> Assignment: Every entry below should be reproduced exactly; no picture is to be included.

Caption-style text data
......

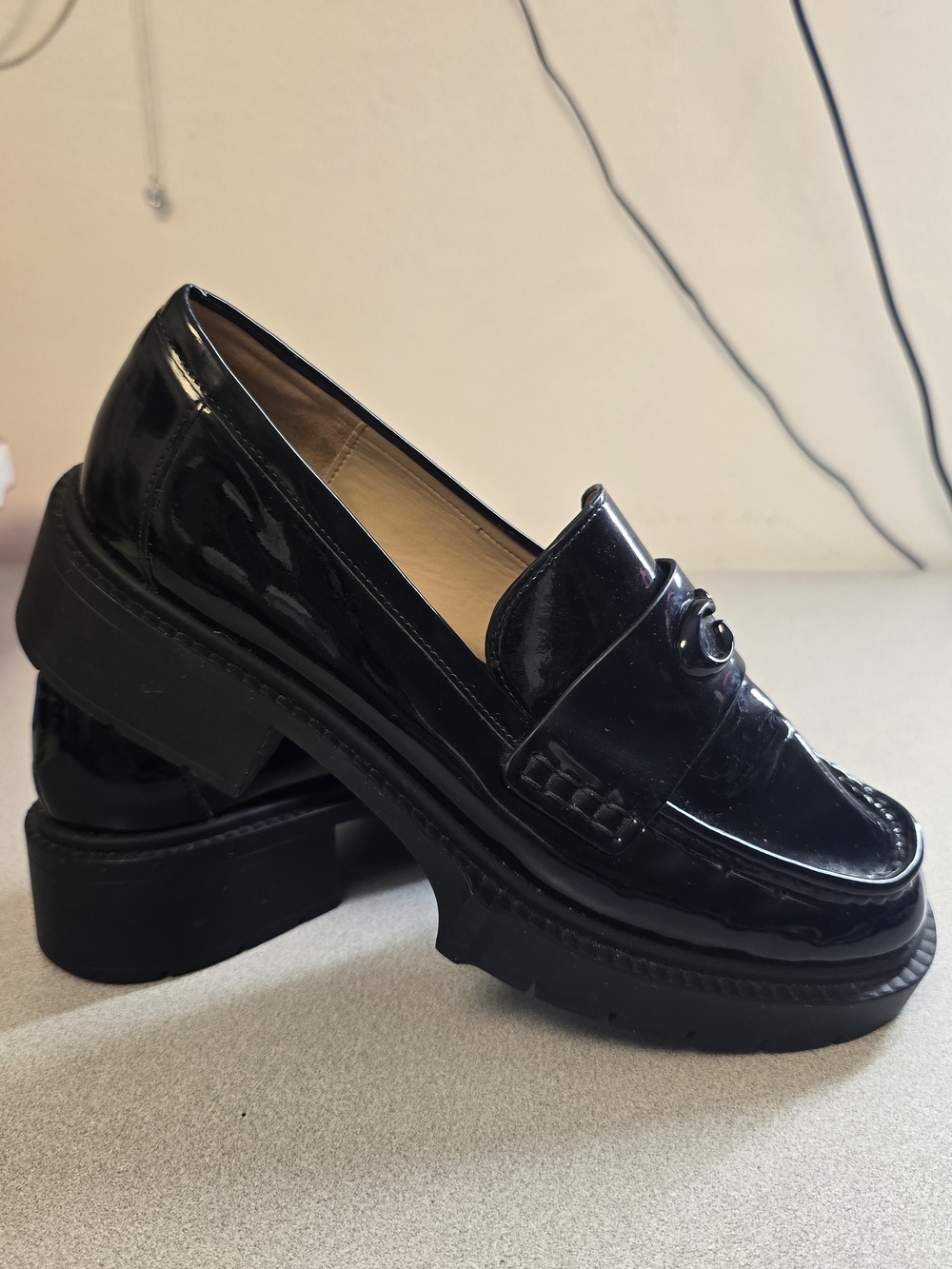 Coach Black Patent Leather Platform Loafers Women's Size 8.5 Chunky Lug Sole - Picture 8 of 8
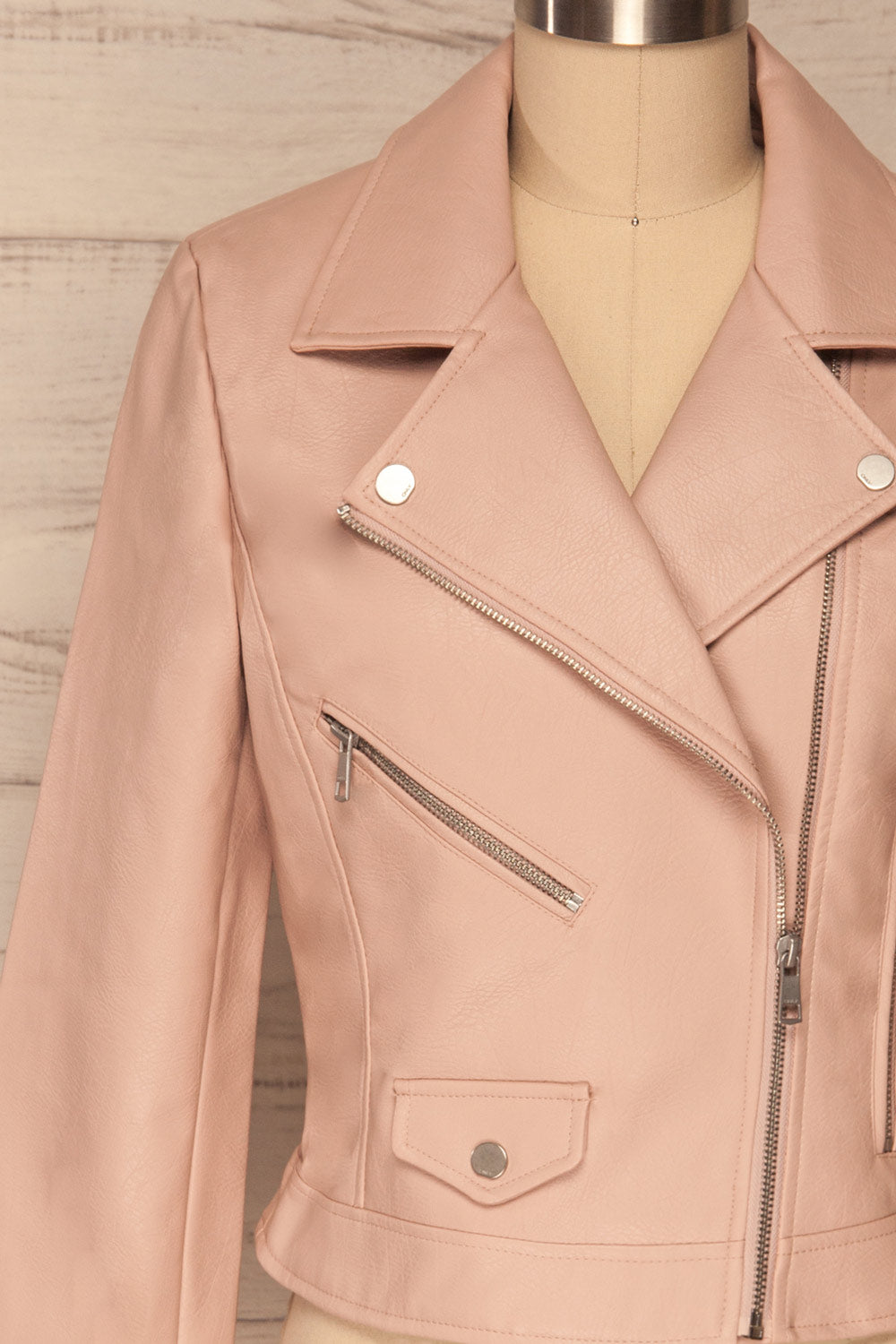 Calcali Rosa Dusty Pink Leather Motorcycle Jacket | La Petite Garçonne front close up open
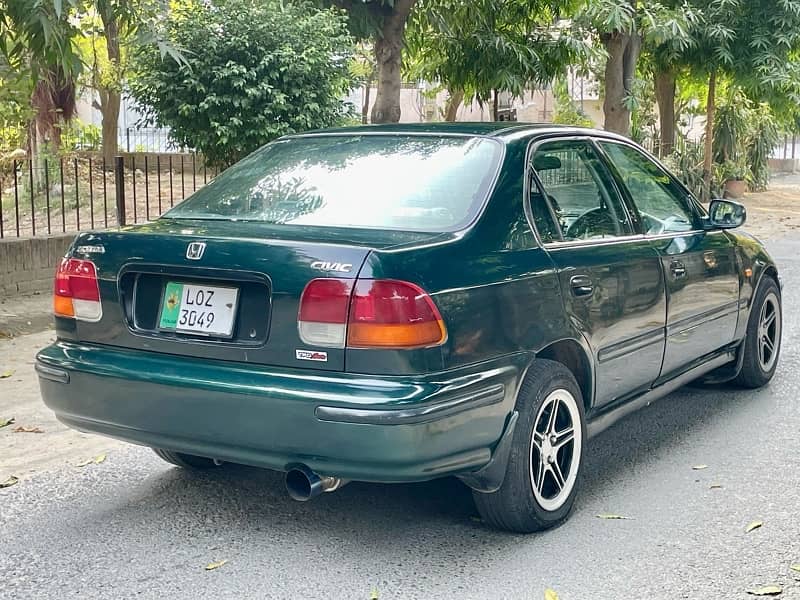 Honda Civic VTi 1996 4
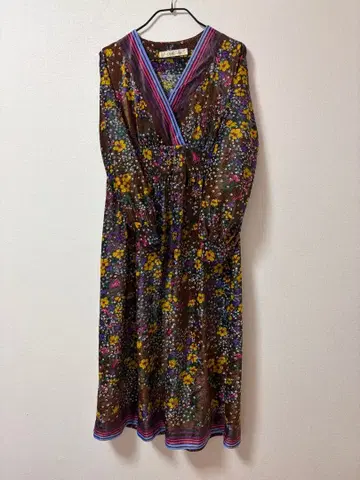 Dot and Stripes 꽃무늬 V넥 원피스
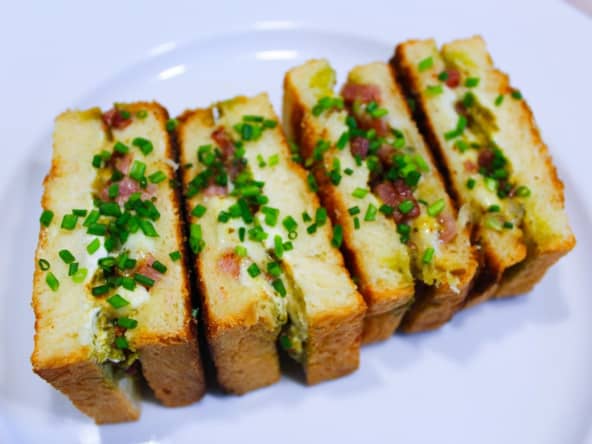 Croque-Monsieur Lardons, Mozzarella et Pesto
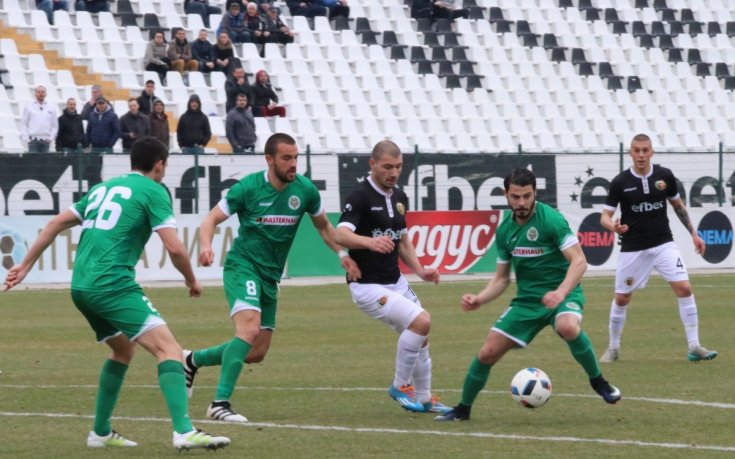 10 от Локомотив не се дадоха на Нефтохимик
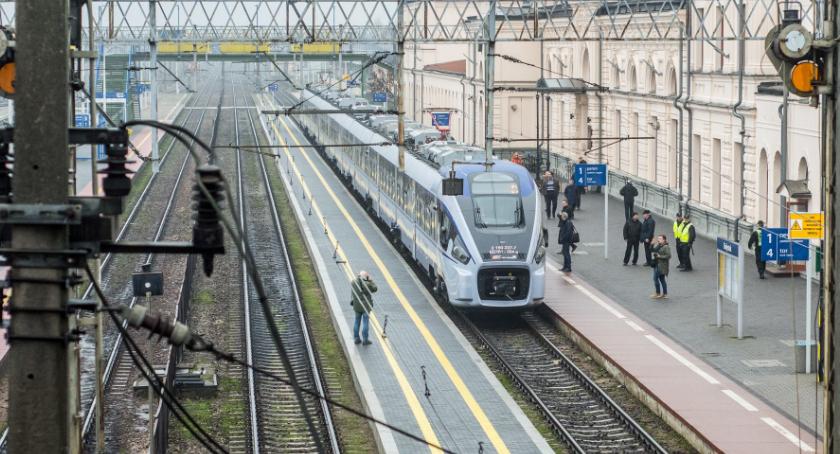Pociągami jeździ coraz więcej osób. PKP sprawdziło najpopularniejsze kierunki
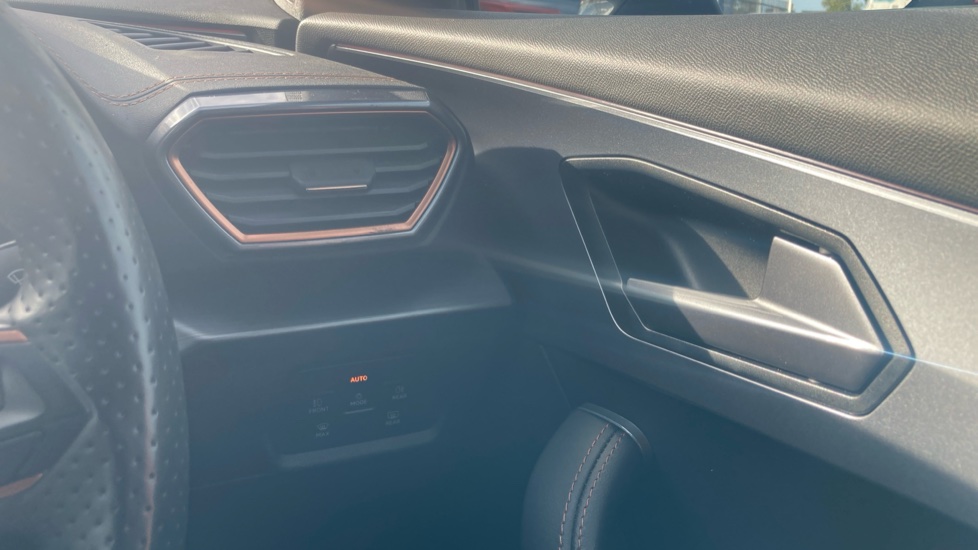 CUPRA Formentor 1.5 TSI 150 V2 5dr DSG Petrol Estate - Image 34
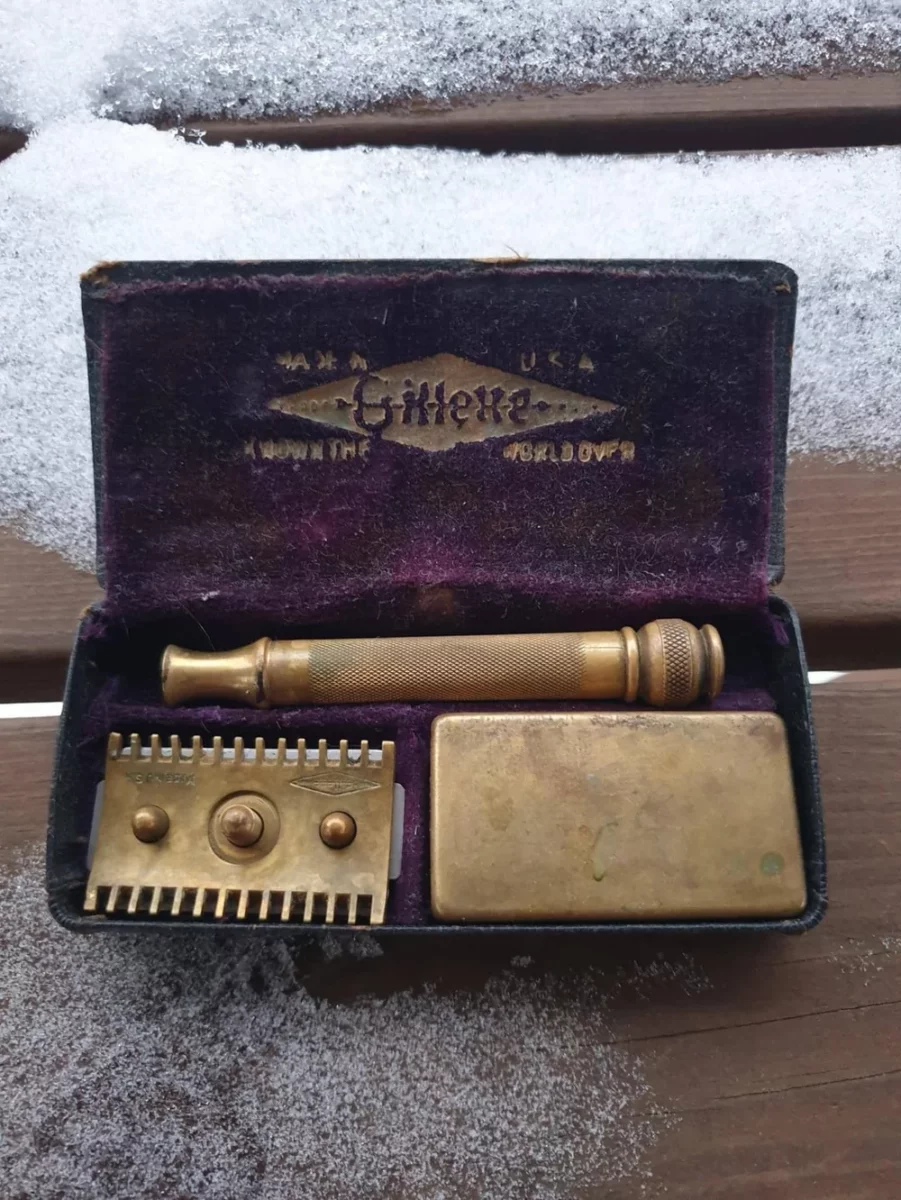 Старинная бритва Gillette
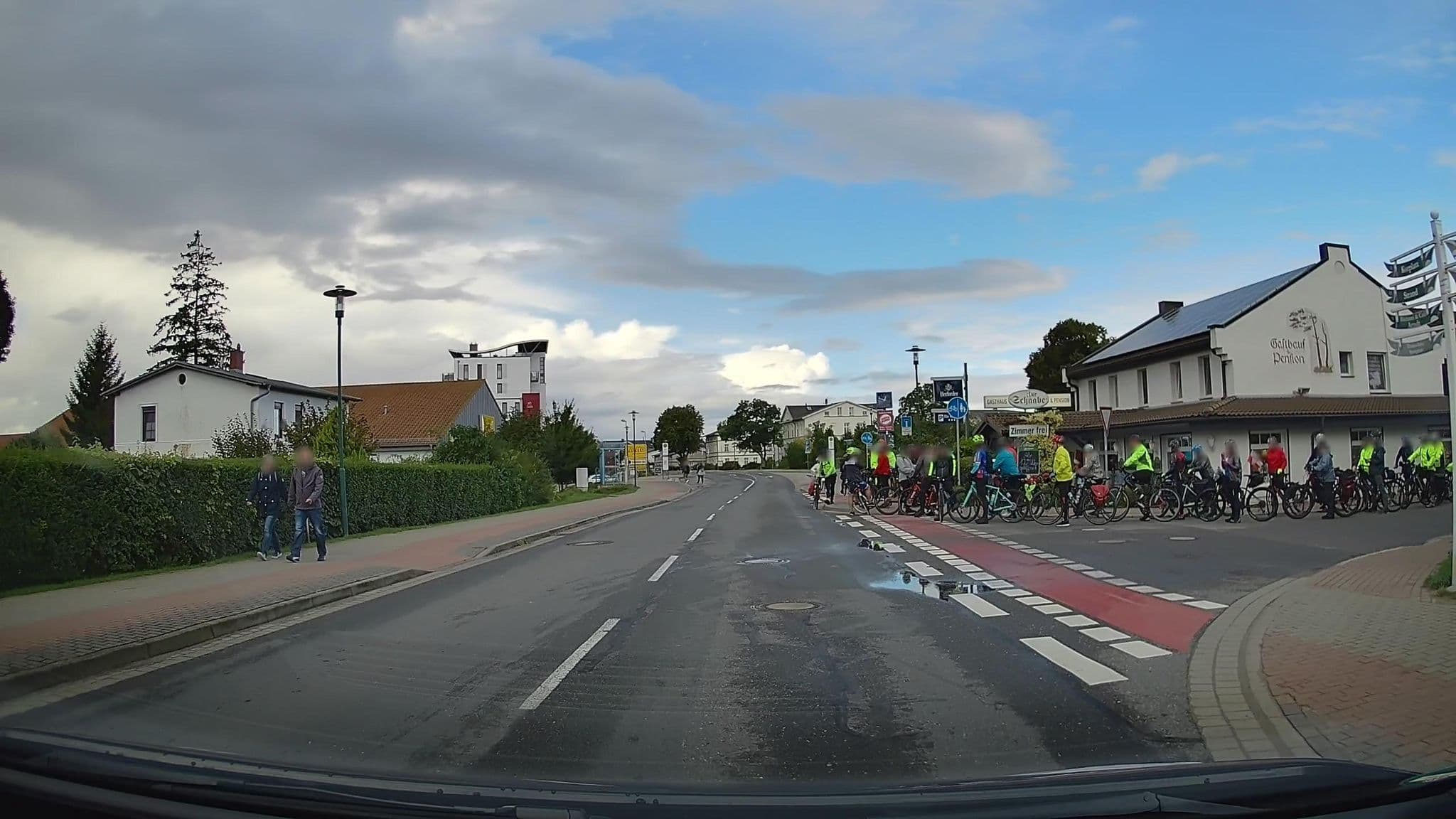 Street view near Alt Glowe, Glowe — © hendel (CC BY-SA · Mapillary)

......

> Exercise answer:
 Coach Black Patent Leather Platform Loafers Women's Size 8.5 Chunky Lug Sole - Picture 8 of 8
 Calcali Rosa Dusty Pink Leather Motorcycle Jacket | La Petite Garçonne front close up open
 Honda Civic VTi 1996 4
 Dot and Stripes 꽃무늬 V넥 원피스
 Croque-Monsieur Lardons, Mozzarella et Pesto
 10 от Локомотив не се дадоха на Нефтохимик
Pociągami jeździ coraz więcej osób. PKP sprawdziło najpopularniejsze kierunki
 CUPRA Formentor 1.5 TSI 150 V2 5dr DSG Petrol Estate - Image 34
 Старинная бритва Gillette
 Street view near Alt Glowe, Glowe — © hendel (CC BY-SA · Mapillary)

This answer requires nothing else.